* _Your instructions_: Go to the line holding "Monica Barladeanu - Viata la 33 de ani" in the data below and repeat it exactly, then each line after it up to and including the one holding "BioPykrete — A". Omit pictures.
-- Provided data follows --
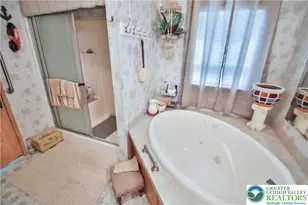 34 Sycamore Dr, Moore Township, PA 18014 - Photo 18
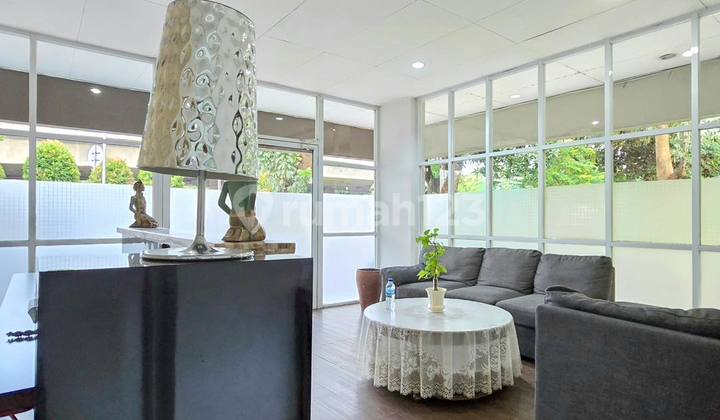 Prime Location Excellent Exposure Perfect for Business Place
-- Provided data concluded --
-- Provided data follows --
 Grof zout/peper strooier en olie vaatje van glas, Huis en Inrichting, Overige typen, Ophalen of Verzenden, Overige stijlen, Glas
-- Provided data concluded --
-- Provided data follows --
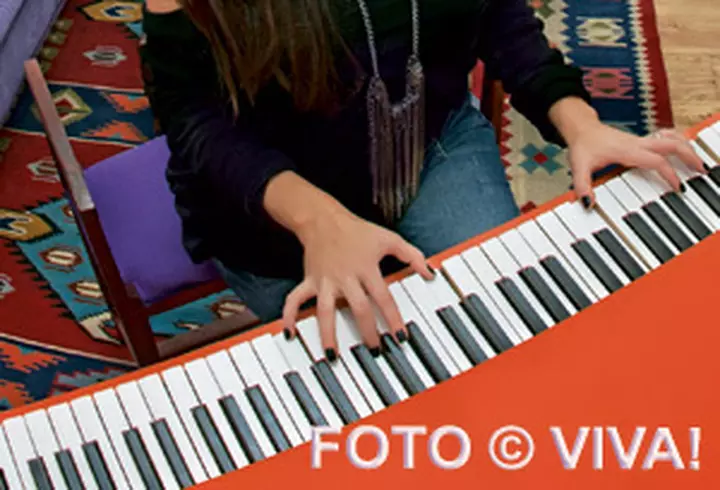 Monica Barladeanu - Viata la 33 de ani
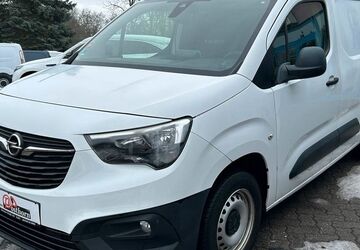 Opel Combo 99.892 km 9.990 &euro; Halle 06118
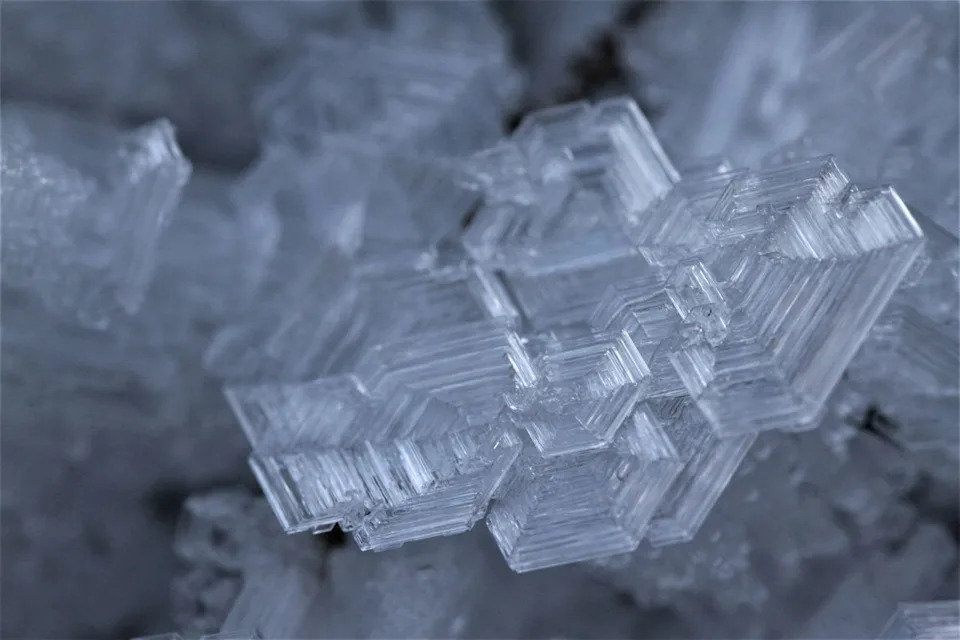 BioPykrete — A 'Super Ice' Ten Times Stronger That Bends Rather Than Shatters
-- Provided data concluded --
* _Answer to this exercise_:
 Monica Barladeanu - Viata la 33 de ani
 Opel Combo 99.892 km 9.990 &euro; Halle 06118
 BioPykrete — A 'Super Ice' Ten Times Stronger That Bends Rather Than Shatters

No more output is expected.